Monitoring Dynamic Changes in DNA and Histone Methylation at Repetitive Genomic Regions in Live Cells

Mendonca, A., Purdue University
Sanchez, O. F., Purdue University
Yuan, C., Purdue University
The process of gene expression in eukaryotic cells is dynamically regulated by epigenetic modifications occurring in the genome. Prominent among the epigenetic marks that regulate the genome include methylation of the lysine residues of Histone H3 and DNA methylation at CpG residues. Depending on the number of methyl groups added (one, two or three) and the position of the lysine residue (lysine four or nine for example), the outcome may be activating or repressive, while DNA methylation is largely correlated with gene silencing in mammals. The interplay between DNA and histone methylation is primarily responsible for the development and maintenance of the 3-D nuclear structure. These modifications are enriched at heterochromatin loci including repetitive regions such as peri-centromeric satellites and telomeres. The disruption of the methylation state at repetitive regions can lead to genomic instability, transcription of transposable elements and silenced repeats and loss of genomic organization. For instance, loss of DNA and histone methylation at the peri-centromeric region has been linked to chromatin segregation defects, leading to tumor formation. Similar loss of methylation at the telomere locus leads to dramatic telomere elongation.

Monitoring the interplay between epigenetic marks that regulate these repetitive regions in real time would further our understanding of centromere and telomere dynamics in diseases. The dynamic arrangement of telomeres and centromeres varies largely as the cell cycle progresses as well as in diseased vs. healthy cells. Various methods utilizing gene specific tools such as CRISPR and TALEs have been developed to map the positions of these chromatin structures in live cells. While these methods are helpful in understanding the dynamic intra-nuclear positioning of telomere and centromere foci, they do not capture the epigenetic features that regulate telomeres and centromeres. Present methodologies to measure the methylation levels at specific genes rely on a combination of antibodies against DNA and histone methylation coupled with FISH. These are fixed cells methods that do not allow tracking epigenetic changes in a dynamic manner.
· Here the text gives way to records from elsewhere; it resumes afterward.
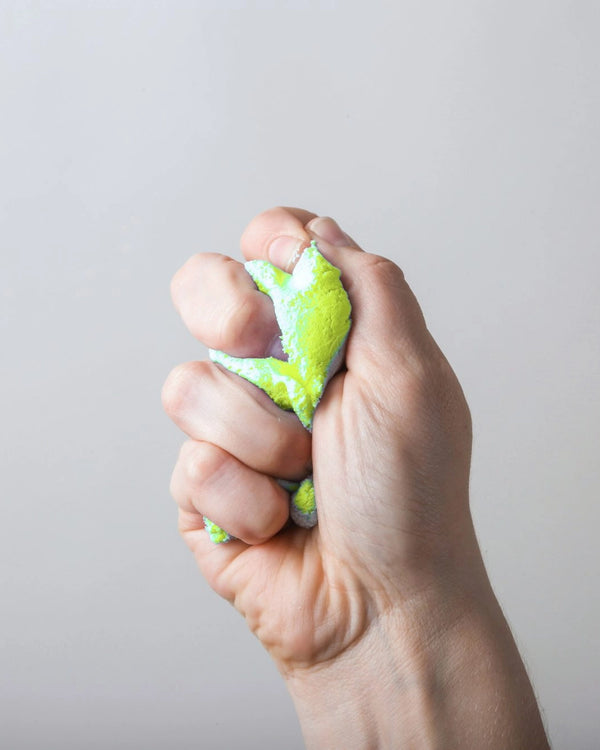 Hand greift einen Therapieball zur gezielten Förderung von Kraft Beweglichkeit und Greiffunktion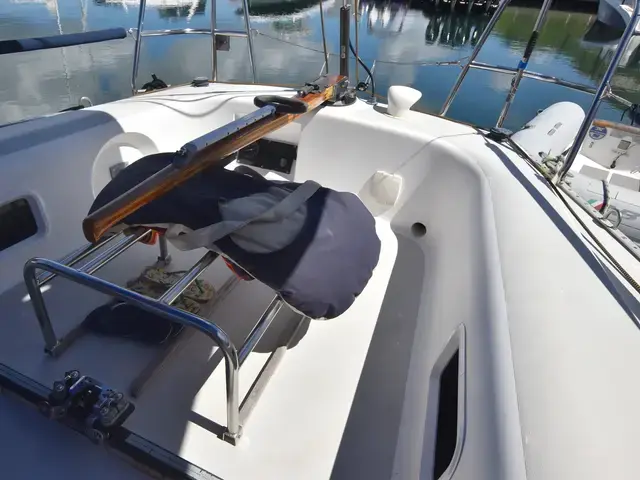 J Boats 35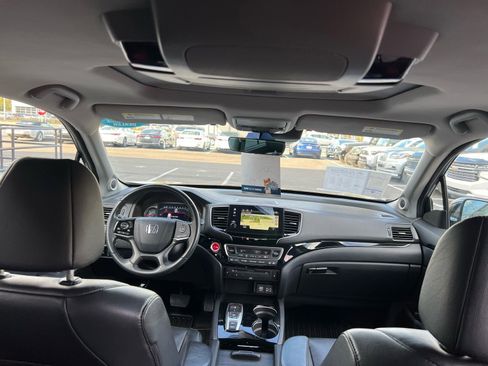 Used 2019 Honda Pilot Touring image 51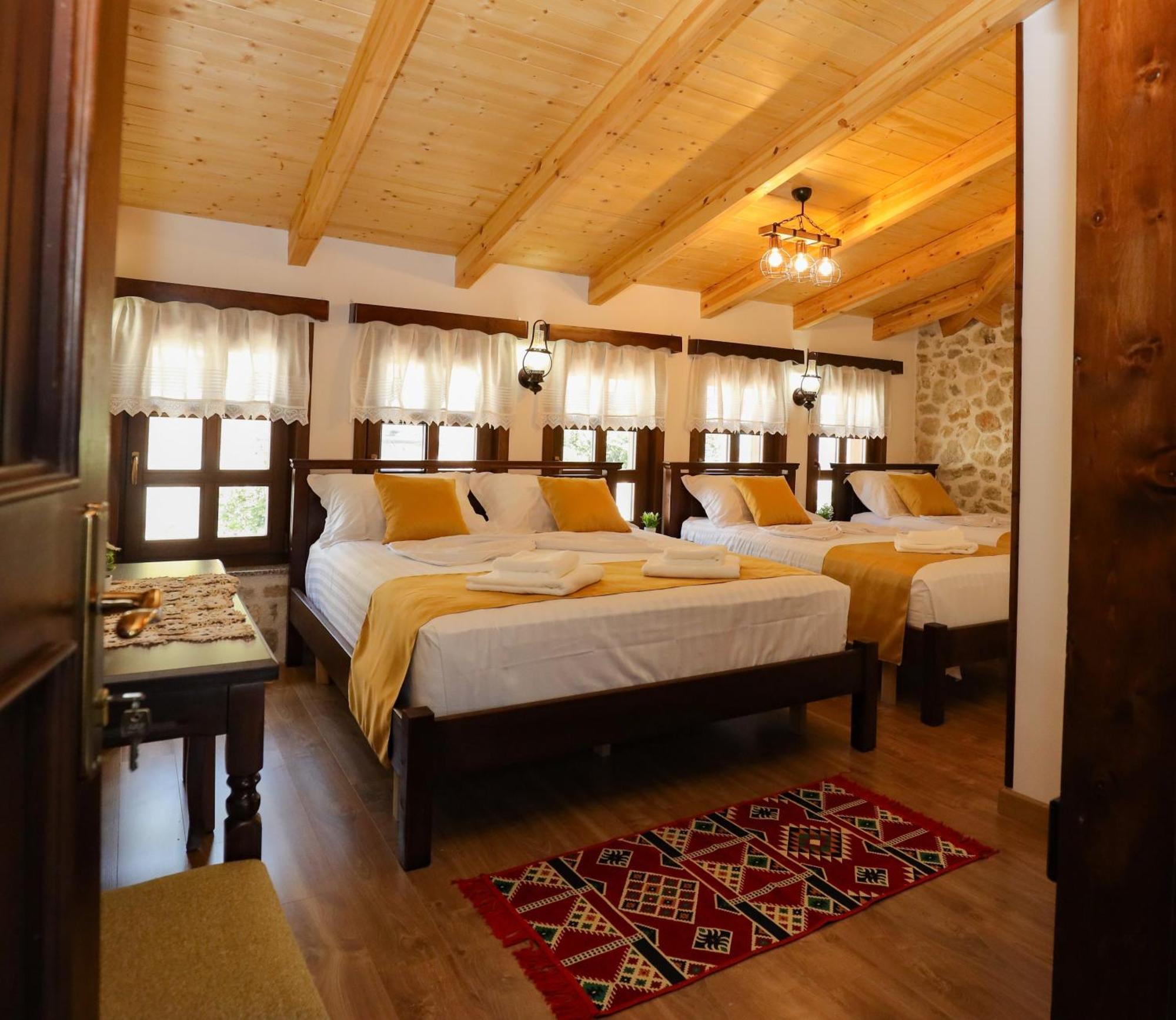 The House Of Dollma , Inside Kruja Castle Hotel Buitenkant foto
In this work, we developed a live-cell compatible DNA and histone methylation probe that can capture the DNA methylation and H3K9me3 modification levels at specific genomic loci. The developed probe comprises of two regions: 1) an epigenetic “reader” domain and 2) a gene specific binding domain. Several proteins such as the methyl binding domain and the chromo-domain contain recognition motifs for DNA methylation and H3K9me3 respectively. The specific recognition motifs of these domains were tagged with fluorescent reporter proteins and successfully identified their target sites with a high degree of affinity and specificity in live cells. TALE and CRISPR proteins tagged with fluorescent proteins were used to selectively recognize tandem repeat regions. The binding of the two-part probe on the region of interest results in a colocalization and FRET interaction between the two fluorescent tags, providing readout of the DNA/histone methylation at the specific locus. The probe was also introduced into cancer cell lines to quantify the differences in centromere and telomere methylation levels as compared to healthy cells.